(Short text fragments from websites)
—————

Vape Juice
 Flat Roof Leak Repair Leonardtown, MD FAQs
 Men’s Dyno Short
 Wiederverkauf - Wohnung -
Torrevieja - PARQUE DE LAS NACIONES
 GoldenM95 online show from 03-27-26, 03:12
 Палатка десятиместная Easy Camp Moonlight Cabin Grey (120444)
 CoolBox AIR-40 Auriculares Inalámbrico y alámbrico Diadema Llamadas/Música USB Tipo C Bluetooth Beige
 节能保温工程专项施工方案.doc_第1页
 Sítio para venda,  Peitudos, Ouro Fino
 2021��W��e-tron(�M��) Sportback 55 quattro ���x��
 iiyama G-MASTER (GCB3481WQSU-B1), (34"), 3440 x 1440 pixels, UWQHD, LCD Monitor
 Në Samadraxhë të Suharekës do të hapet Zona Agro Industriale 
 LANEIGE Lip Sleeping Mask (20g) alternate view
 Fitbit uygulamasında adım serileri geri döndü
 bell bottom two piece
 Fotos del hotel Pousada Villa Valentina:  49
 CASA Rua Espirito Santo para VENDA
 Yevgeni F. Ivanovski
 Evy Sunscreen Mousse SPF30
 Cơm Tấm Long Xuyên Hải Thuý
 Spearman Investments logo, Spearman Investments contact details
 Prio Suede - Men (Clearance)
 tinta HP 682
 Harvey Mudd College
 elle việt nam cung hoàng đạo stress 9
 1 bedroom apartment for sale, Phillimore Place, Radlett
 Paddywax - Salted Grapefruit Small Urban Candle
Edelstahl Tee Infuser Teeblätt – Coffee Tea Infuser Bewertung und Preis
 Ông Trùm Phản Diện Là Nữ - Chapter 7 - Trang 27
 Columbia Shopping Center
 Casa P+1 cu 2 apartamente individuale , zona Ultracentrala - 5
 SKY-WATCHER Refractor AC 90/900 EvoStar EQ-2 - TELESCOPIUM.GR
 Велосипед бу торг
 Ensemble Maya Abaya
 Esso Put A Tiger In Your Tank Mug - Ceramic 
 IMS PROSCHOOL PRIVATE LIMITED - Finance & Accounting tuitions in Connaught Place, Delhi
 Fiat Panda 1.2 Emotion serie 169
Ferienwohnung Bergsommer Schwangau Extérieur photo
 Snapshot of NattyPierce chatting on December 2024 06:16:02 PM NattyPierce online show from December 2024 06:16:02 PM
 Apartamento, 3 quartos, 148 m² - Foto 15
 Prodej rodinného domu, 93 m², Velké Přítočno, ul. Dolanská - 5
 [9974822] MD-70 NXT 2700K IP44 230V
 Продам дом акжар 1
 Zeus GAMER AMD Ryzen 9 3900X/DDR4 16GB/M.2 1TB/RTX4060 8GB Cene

—————

Work task:
Wherever a line above contains the string "para", copy that line.

Solution:
 Sítio para venda,  Peitudos, Ouro Fino
 CASA Rua Espirito Santo para VENDA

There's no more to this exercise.